When writing the next pop song that potentially grasps the world’s attention for a microsecond, there are a lot of elements that go into it. There are only 12 notes in music but the endless combination of them and different rhythmic and lyrical patterns make music infinitely possible.
Songs can be written about anything. However, typically in pop music the writing topics are only about a couple of things: love, heartbreak, having a good time, and sometimes an inspirational anthem.
Love is the biggest writing inspiration for most songwriters because as humans we spend much of our lives dealing with love in all of its glory and pain. It is truly something everyone experiences in some way.
A great song has three main components: lyrics, rhythm/beat, and melody. When all three of these are in sync, for example, Bruno Mars/Mark Ronson’s “Uptown Funk,” you’ve got yourself a hit on your hands. Song lyrics tell the story and often are the most memorable element. However, the melody and beat are also often what the listener holds fast to.
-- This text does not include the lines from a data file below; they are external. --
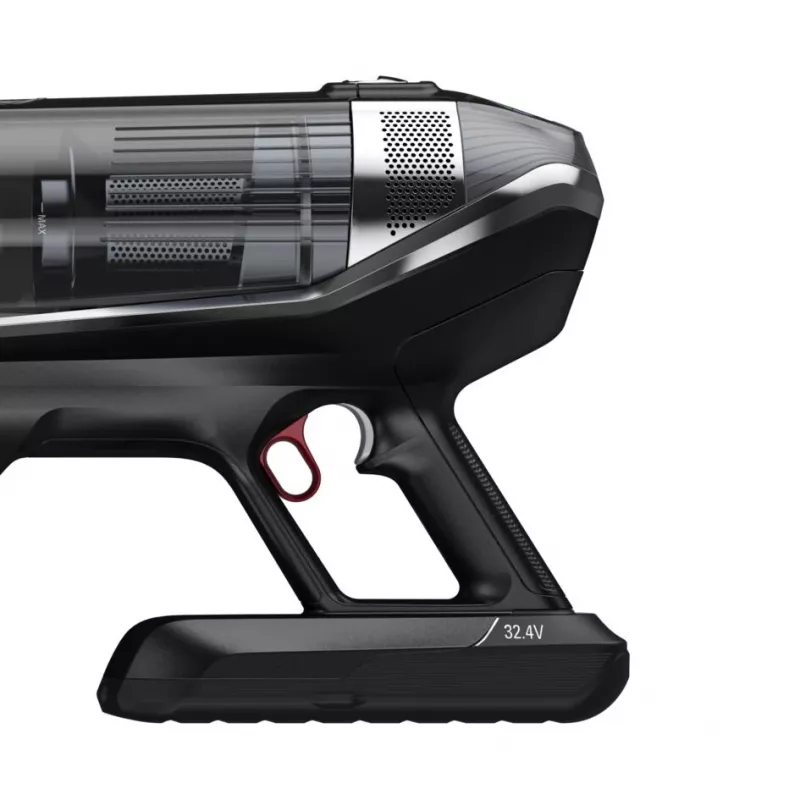 Rowenta X-Force RH9958 2-in-1 stick vacuum baterija Dry HEPA Bagless 0.9 L Juoda, Pilka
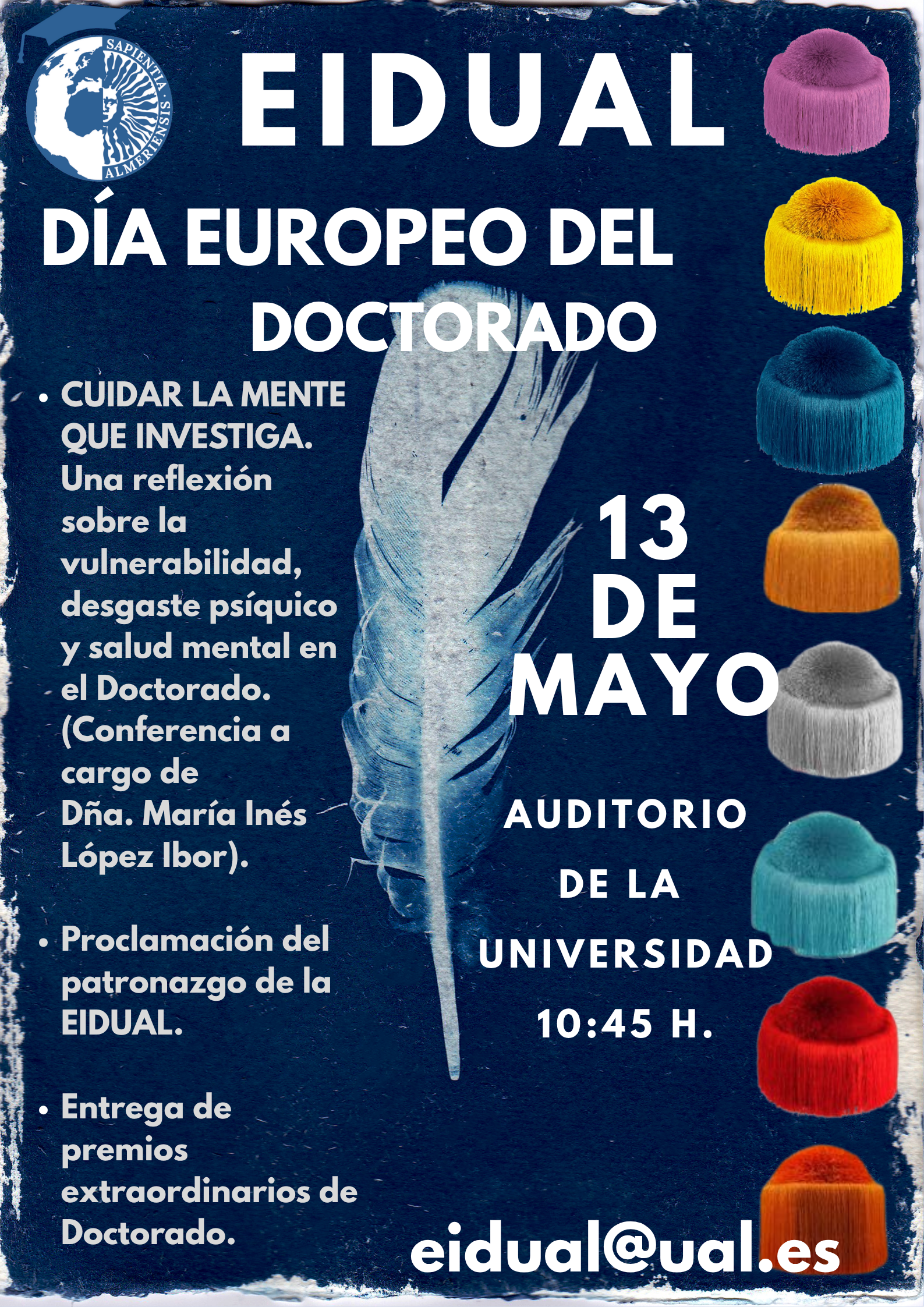 DÍA EUROPEO DE DOCTORADO 13 DE MAYO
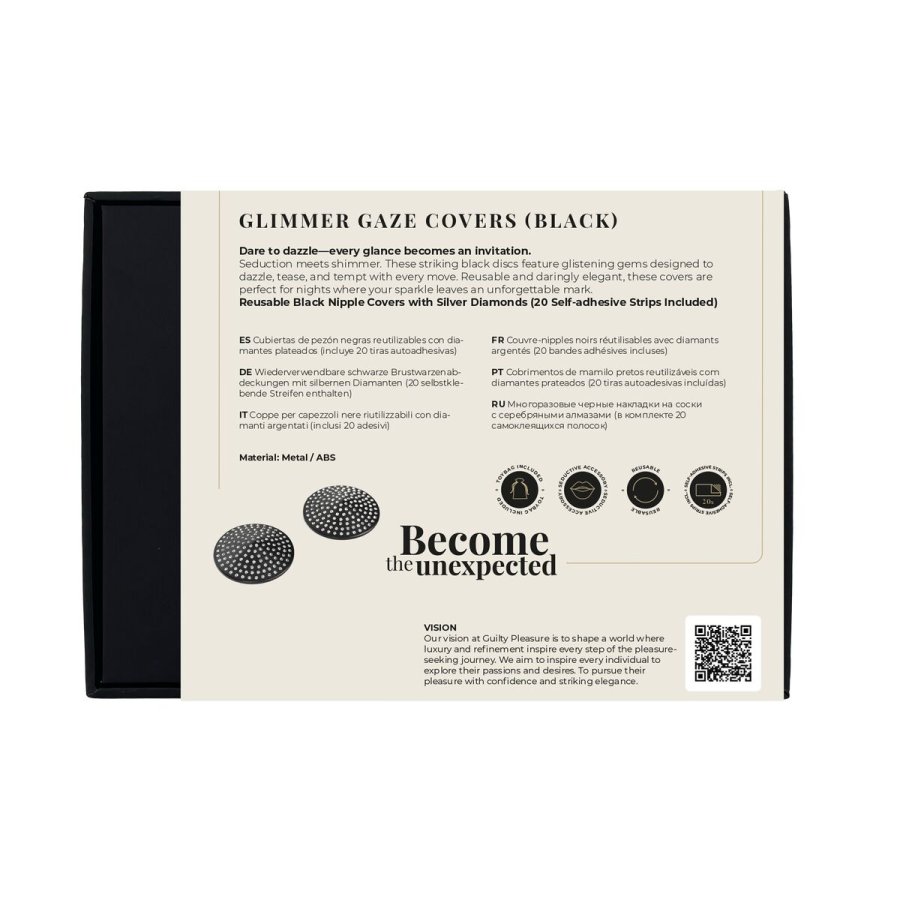 Nipple cover Guilty Pleasure Sort Onesize #6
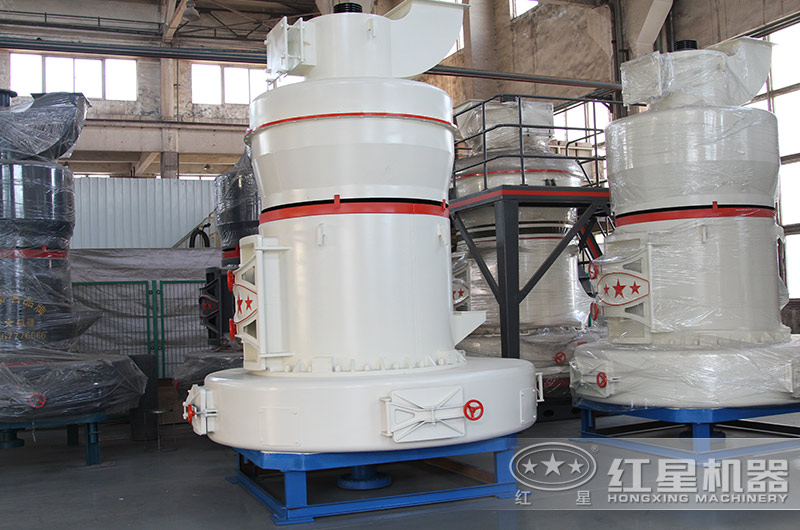 雷蒙磨生產(chǎn)車(chē)間，設(shè)備貨源充足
The trick to writing a great pop song is to tell a story in the simplest of ways that can be identifiable with anyone, but yet does not sound generic. It still has to have a flow and a narrative and cannot be full of clichés. There is a delicate balance to writing great lyrics.
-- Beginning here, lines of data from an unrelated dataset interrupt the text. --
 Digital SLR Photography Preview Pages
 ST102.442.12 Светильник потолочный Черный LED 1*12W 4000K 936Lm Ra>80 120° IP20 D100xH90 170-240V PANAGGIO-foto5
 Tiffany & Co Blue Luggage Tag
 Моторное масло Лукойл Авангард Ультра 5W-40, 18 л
Hooks are pretty self-explanatory: they are the elements of the song that hook you in and grab hold of you in some way. A lyric, melody or beat can all be hooks – although most of the time, people refer to the main chorus or tag of the song as the hook. It just has to be something that when you hear it once, it makes an imprint and is usually the thing people hum or sing when they have the song in their head!
Current Pop Songs with the Most Impact
- Adele – Hello
- Rachel Platten – Stand By You
- Meghan Trainor – No
I chose these three because they are all very different pop songs by three great pop female artists, but these three songs embody everything we’ve been discussing in this blog.
Adele’s “Hello” has a powerful booming chorus hook, combined with deep meaningful lyrics about heartbreak/love/loss.
Rachel Platten’s “Stand By You,” is an anthemic song with a positive lyrical narrative and catchy melody.
Meghan Trainor’s “No” is almost reminiscent of a late ‘90s era boy/girl band song with that super catchy beat and multiple melodic hooks, but with a simple and identifiable lyrical content.
All three of these songs succeed in the so-called pop song “formula” and when writing the next pop song, tracks like these are a good guide.